When I find myself lacking external stimulation, my knee-jerk response is to seek out some means of filling that void: something to read, something to listen to, something to scribble or type or exercise or otherwise occupy my deactivated digits and neurons and attention.
I know I’m not alone in this, and I know I’m capable of muffling and rewiring that impulse. But that knowledge and capacity doesn’t change my default setting, which is to fill the emptiness with activities and entertainments.
I find this subconscious nudge away from boredom is particularly pronounced and pernicious when I’ve made some kind of change to my environment and norms.
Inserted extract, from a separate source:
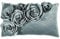 Pad - Floral - Kissenhülle - Samt Kissen - Zierkissen - Kissenhülle - Blütenapplikationen - 30 x 50, SLY Blau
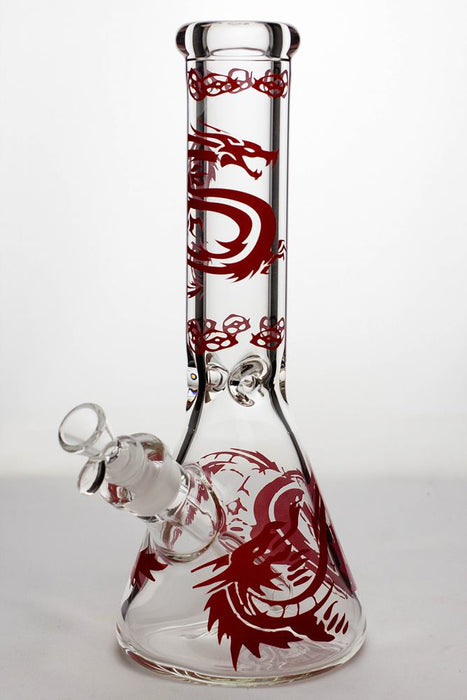 12" Dragon 9 mm thick glass beaker bong-Red - One Wholesale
When I’ve moved to a new physical location, for instance, or when my work or exercise habits have undergone a substantial collection of tweaks, my determination to recalibrate things in a positive, prolific, healthful, and sustainable way often results in a jam-packed calendar that leaves little room for intellectual and psychological flex time: periods in which it is understood that I’ll do little or nothing, which gives my brain some breathing room and provides permission to not go go go for a spell, and to be okay with that.
You don’t have to be a workaholic to succumb to the seductive momentum of “doing things.”
Spacing out with something on Netflix or a podcast playing in the background is arguably just as much an activity as doing paid work, going for a run, or having a chat with a friend.
The distinction here is that being bored is actually a little bit psychologically distressing, and most of us have reflexes that help guide us away from that kind of distress.
Being bored on a semi-regular basis, though, can force us to flex our imaginations, dig deeper than we would otherwise be compelled to dig into personal issues and persistent, just-below-the-surface concerns, and unspool overwrought, overworked neurons.
There’s evidence that experiencing periodic spans of boredom is psychologically healthful: exercising and amplifying our capacity for focus, creativity, self-control, and our taste for novelty.
But my own anecdotal experience is why I try to catch myself when I fail to work periods of nothingness into a recently updated schedule.
I notice benefits to my thinking and mood when I allow myself to be bored for even five or ten minutes a day; it feels similar to but different from what I gain from meditation, and I notice its absence in the same way I notice when I’ve (for whatever reason) failed to maintain a consistent exercise routine.
I’ve also found that if I’m ever stuck in a truly unmotivated, don’t-feel-like-doing-anything mindset, consciously forcing myself to do nothing at all—to sit in my own head for a while—makes my brain crave stimulation, which then often results in a period of enthusiastic focus and activity.
Some people have boredom-inducing forcing functions built into their lives, because of the nature of their work, home life, or some other variable that leaves them with periods of nothingness that are tricky or impossible to fill with any kind of typical activity.
Something to consider, if that’s you, is trying to lean into that boredom a bit—just for a while—to see if it adds something to your non-bored moments (as opposed to psychologically struggling against the boredom, and doing everything you can to fill those moments with your smartphone or a magazine or whatever else).
Boredom isn’t pleasant, but it can be counterintuitively, holistically productive, at times.